I scanned section of the moulding and after scanning, I cleaned the file, added engraving lines and arrayed the finished STL with the engraving curves along a 122 inch vector drawing for the router bits.

The moulding was then cut using the CAMaster. The router bit portion or shaper portion of the piece took just 15 minutes with 3 bit changes. The leaf details took 3 hours for each 10 foot section using an 1/8 inch ball mill at a 10% stepover and then a 15 degree veining bit engraved the 1,724 curves to provide the detail.

After running the pieces I ran them across a flap sander to knock off the fuzzies. The customer is then going to stain and laquer them prior to installation.

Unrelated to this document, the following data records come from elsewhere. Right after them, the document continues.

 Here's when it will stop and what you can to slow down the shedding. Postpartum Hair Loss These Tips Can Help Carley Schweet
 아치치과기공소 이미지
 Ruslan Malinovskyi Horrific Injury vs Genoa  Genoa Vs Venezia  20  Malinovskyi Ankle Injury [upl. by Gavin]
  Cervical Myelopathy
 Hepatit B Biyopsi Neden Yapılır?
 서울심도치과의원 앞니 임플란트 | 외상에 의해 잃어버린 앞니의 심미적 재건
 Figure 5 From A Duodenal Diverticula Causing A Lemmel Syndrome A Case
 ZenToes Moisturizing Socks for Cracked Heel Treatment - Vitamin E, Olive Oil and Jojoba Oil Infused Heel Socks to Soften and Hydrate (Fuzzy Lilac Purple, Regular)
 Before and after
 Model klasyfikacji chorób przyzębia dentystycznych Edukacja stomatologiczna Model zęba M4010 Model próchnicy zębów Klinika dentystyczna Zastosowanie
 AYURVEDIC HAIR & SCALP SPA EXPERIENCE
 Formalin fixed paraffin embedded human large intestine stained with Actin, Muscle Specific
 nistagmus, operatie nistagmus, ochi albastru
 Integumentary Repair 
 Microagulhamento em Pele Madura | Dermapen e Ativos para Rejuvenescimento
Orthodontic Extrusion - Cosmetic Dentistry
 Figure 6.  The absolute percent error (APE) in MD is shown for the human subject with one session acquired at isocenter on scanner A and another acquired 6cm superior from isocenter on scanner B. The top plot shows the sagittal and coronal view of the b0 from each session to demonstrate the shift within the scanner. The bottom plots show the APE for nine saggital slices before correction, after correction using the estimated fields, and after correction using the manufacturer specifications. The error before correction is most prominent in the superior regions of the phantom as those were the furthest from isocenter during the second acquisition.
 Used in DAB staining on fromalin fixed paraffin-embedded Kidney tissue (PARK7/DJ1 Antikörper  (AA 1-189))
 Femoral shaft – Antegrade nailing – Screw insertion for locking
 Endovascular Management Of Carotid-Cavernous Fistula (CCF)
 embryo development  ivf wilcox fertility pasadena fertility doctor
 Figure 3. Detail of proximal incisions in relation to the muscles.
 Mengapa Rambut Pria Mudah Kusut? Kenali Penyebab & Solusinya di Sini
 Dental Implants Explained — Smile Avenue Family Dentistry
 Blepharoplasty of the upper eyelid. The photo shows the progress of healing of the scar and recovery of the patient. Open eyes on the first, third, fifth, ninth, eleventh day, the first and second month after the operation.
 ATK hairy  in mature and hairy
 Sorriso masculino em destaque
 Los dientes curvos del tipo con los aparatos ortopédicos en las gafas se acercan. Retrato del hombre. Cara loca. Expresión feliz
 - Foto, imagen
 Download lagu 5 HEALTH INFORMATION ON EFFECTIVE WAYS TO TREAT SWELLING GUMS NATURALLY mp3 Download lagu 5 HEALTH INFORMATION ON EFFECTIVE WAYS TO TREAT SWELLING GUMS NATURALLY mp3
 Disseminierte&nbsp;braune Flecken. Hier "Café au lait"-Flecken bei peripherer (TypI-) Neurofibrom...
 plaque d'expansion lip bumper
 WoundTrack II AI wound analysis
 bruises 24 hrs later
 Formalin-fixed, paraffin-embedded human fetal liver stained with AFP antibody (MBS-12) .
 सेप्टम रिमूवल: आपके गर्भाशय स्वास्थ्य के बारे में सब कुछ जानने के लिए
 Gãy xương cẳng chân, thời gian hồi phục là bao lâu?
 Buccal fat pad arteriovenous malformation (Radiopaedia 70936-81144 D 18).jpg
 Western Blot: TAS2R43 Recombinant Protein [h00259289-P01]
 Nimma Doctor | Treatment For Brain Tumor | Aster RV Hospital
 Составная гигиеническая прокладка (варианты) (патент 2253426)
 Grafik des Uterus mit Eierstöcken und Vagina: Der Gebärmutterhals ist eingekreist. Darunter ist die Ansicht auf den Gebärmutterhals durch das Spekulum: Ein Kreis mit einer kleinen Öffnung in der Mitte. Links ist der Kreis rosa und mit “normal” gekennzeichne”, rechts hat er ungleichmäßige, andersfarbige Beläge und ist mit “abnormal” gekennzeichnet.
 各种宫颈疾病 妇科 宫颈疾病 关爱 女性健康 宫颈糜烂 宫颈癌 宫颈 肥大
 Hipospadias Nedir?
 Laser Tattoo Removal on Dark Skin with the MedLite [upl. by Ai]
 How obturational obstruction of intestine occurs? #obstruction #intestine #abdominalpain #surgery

New work to follow shortly dealing with Rhino and Visual Mill as well as some 3D tutorials. Hopefully by the end of the year I will take delivery on a Stinger from CAMaster as I now have my quote in hand and just need to raise some extra revenue!

Thanks Joey!

james mcgrew
06-03-2010, 05:44 AM
good looking work!!

jim

Richard Link
06-03-2010, 09:27 PM
Looks great. I hope you don't mind if I ask a few technical questions.

(1) When you scan a piece like this that was originally hand carved, I would assume that each adjacent leaf motif would have some subtle differences. Do you simply scan a single element (ie a leaf and engraved element) and duplicate it in series or scan a longer section and do the same? Alternatively, do you scan all the elements, break them up into individual tiles and then mix and match to replicate variation across the piece? It would seem that the more elements you scan, the better the variation would appear but the more work involved in cleaning up the models...

(2) I assume this was scanned with a laser system. Aside from the speed advantage, does using the laser give you better or worse quality point information than a touch probe system would for something this flat?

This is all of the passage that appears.